The Ollama commands I would run first

First run

ollama run qwen2.5:0.5b

Fastest measured model and the least frustrating way to confirm Ollama works.

Small daily assistant

ollama run gemma3:1b

Still comfortable in the test while giving a more useful small-model experience.

Compare 1B behavior

ollama run llama3.2:1b

A practical Llama-family alternative for rewriting, summaries, and short chats.

Stretch test

ollama run qwen2.5:3b

Try only when 1B models are too weak and you can tolerate slower replies.

Untested in this run

Newer Ollama candidates need the same 8GiB retest before ranking.

Ollama now lists newer small tags such as Qwen3 0.6B, 1.7B, and 4B, plus Gemma 3 270M. They are good future candidates, but this page does not call them winners because they were not part of the captured 2026-06-16 container run.

qwen3:0.6b

Modern tiny Qwen3 tag that should be retested as a new first-install candidate.

qwen3:1.7b

Likely 1B-class successor candidate, but not ranked here until measured in the same 8GiB setup.

qwen3:4b

Interesting quality stretch, but its larger size needs a separate memory and responsiveness check.

gemma3:270m

A very small fallback candidate for older laptops where even 1B models feel heavy.

8GB RAM rules

Rules I would use before downloading more Ollama models

Keep context short

Start near 2048 tokens. Larger context windows increase KV cache memory and can make a barely usable model feel worse.

Close heavy apps before judging

A browser, IDE, video app, and the model can compete for the same 8GB RAM budget.

Do not start with 7B

Loading is not the same as comfort. 7B is useful as a boundary test after smaller models are measured.

FAQ

Best Ollama models for 8GB RAM questions

What is the best Ollama model for 8GB RAM?

For a first install, use qwen2.5:0.5b. For a small daily local assistant, try gemma3:1b next. In this 8GiB CPU-only test, both stayed comfortably fast, while qwen2.5:3b was usable but slower.

Can I run a 7B Ollama model on 8GB RAM?

Yes, qwen2.5:7b loaded and answered in the test, but it only reached 7.15 tokens/s and used 6.409GiB of the 8GiB limit. Treat 7B as a boundary test, not the default recommendation.

Why not rank every popular Ollama model?

This page ranks only the models measured in the same 8GiB CPU-only run. Newer candidates such as qwen3:0.6b, qwen3:1.7b, and qwen3:4b should be retested before being called winners.

Is this a quality benchmark?

No. It is a fit and responsiveness test for 8GB RAM. The output still needs human judgment, but the measured speed and memory data show which model sizes are practical on this hardware tier.

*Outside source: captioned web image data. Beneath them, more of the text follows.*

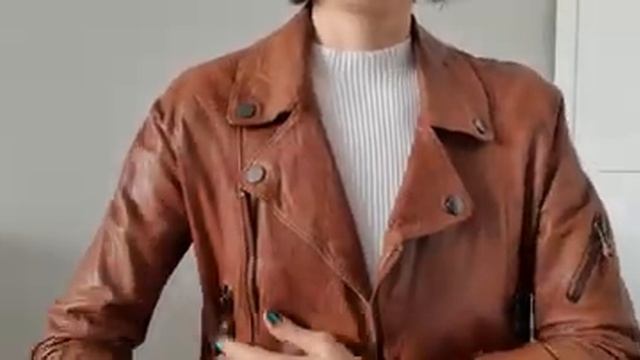 АСМР Скретчинг и таппинг по кожаной курточке/ ASMR I am scratching and tapping on my leather jacket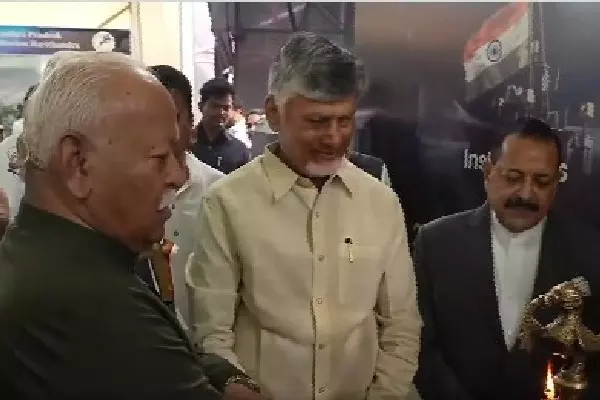 Chandrababu Naidu ने कहा RSS प्रमुख राष्ट्र निर्माण में बहुत बड़ा योगदान दे रहे Chandrababu Naidu ने कहा RSS प्रमुख राष्ट्र निर्माण में बहुत बड़ा योगदान दे रहे
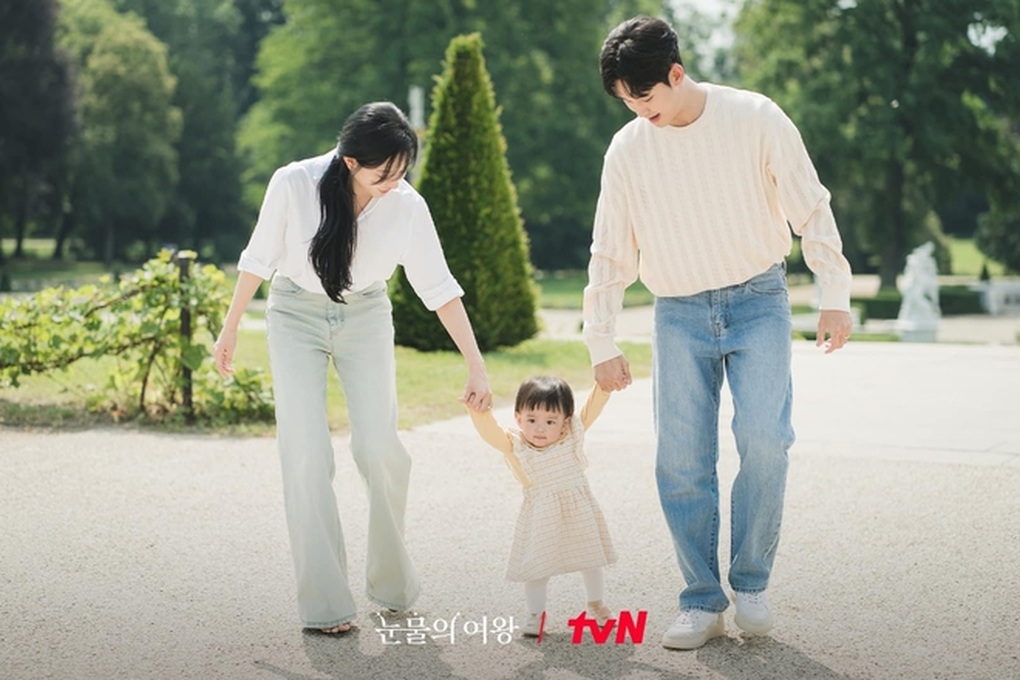 Nữ hoàng nước mắt kết thúc tranh cãi nhưng vẫn qua mặt Hạ cánh nơi anh - 2 Nữ hoàng nước mắt kết thúc tranh cãi nhưng vẫn qua mặt Hạ cánh nơi anh - 2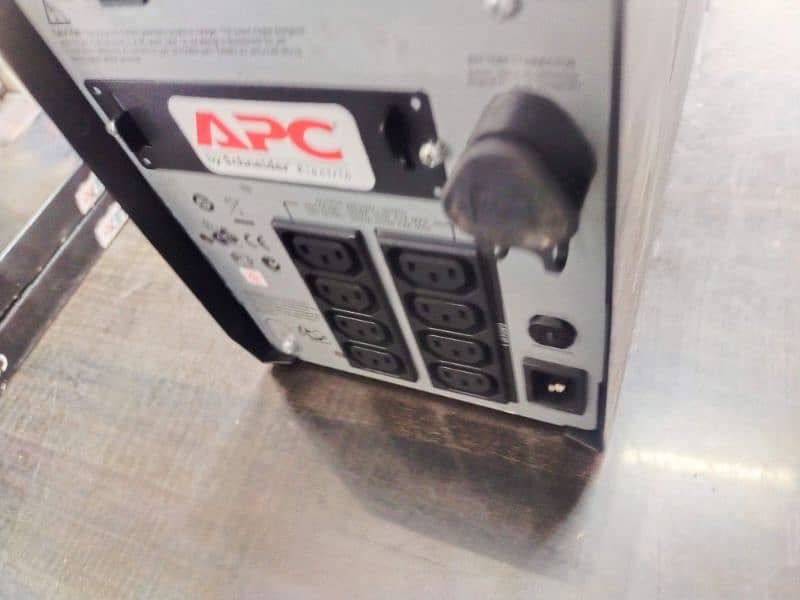 APC Smart ups 3000va pure sine wave 1kva to 500kva all UPS 8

Do I need Docker to use Ollama on an 8GB laptop?

No. Docker is used here to enforce the 8GiB memory ceiling and make the test reproducible. For normal use, installing Ollama directly is simpler.

Will my 8GB laptop get the same tokens per second?

Probably not exactly. The host CPU was an AMD Ryzen 7 9800X3D, so older laptop CPUs may be slower. Use the result as a model-size shortlist and retest your own prompts.